If you're in the love-'em camp, I think you'll be smitten by today's featured recipe, a quick and simple pasta dinner that elevates broccoli with a simple sauce of olive oil, lots of garlic and ... gasp! ... a whole can of anchovies.

If you think you hate anchovies, you might be pleasantly surprised if you can somehow find the strength to give this recipe a try. Note well that you'll find no evidence of hairy little fish in the finished dish, and only the most haunting scent of the sea in a rich, salty flavor.

The recipe comes from Rome (I made this modified version from an online excerpt from the cookbook Roma: Authentic Recipes from In and Around the Eternal City, by Julia Della Croce), where dried fish have been used as a condiment for a mighty long time, perhaps ever since a pungent fish sauce called garum was all the rage in Caesar's days.

It's a quick and simple dish: A bunch of broccoli, a handful of garlic, a can of anchovies and pasta and you're good to go. Give it a try ... and if you do, let me know what you thought. Particularly if it makes you an anchovy convert.


(Serves two)

2 "trees" fresh broccoli, about 1 pound (240g)
1-2 large cloves garlic
2-ounce (56g) can anchovies packed flat in olive oil
Dried red-pepper flakes
3 tablespoons olive oil
4-6 ounces mezze rigatoni, rigatoni, penne or similar short pasta


1. Rinse the broccoli and cut it into bite-size florets. If you're feeling thrifty, you can peel and slice the "trunk" into bite-size pieces, too, although using florets only makes for an attractive presentation.

2. Peel the garlic and mince it fine. Chop the anchovies fine, discarding any excess oil.

3. Heat the olive oil in a small saute pan or skillet over medium-low heat and gently cook the minced garlic with a small shake of dried red-pepper flakes (just enough for an accent; you don't want a fiery dish) until the garlic turns translucent and aromatic. Stir in the chopped anchovies and continue poaching gently for a few minutes, stirring until the anchovies dissolve into the oil. Set aside and keep warm.

4. Meanwhile, heat a large pot full of lightly salted water and cook the broccoli and pasta together until the pasta is done; at that point the broccoli will be very soft.

5. Drain the broccoli and pasta, catching a bit of the pasta water in a measuring cup. Put the broccoli and pasta in a warm serving bowl and toss with the anchovy and garlic oil and, if necessary, a bit of the pasta water to achieve a thick saucy texture. Serve with crusty bread and a salad as a hearty side dish or main course.
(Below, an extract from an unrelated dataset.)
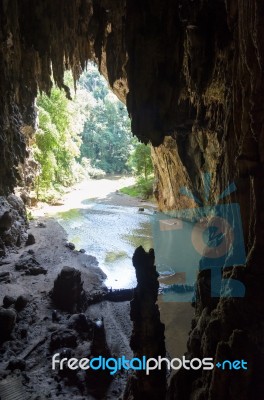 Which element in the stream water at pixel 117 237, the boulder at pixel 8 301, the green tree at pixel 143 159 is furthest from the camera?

MATCHING WINE: Just about any light, crisp, seafood-friendly white will work splendidly here. I chose a prickly, dry Fuzelo 2006 Vinho Verde, but a Prosecco would have made me mighty happy as well. A Verdicchio or, for regional authenticity, a Roman Frascati, would have worked well, and the broccoli might make a particularly amiable match with a "grassy" Sauvignon Blanc.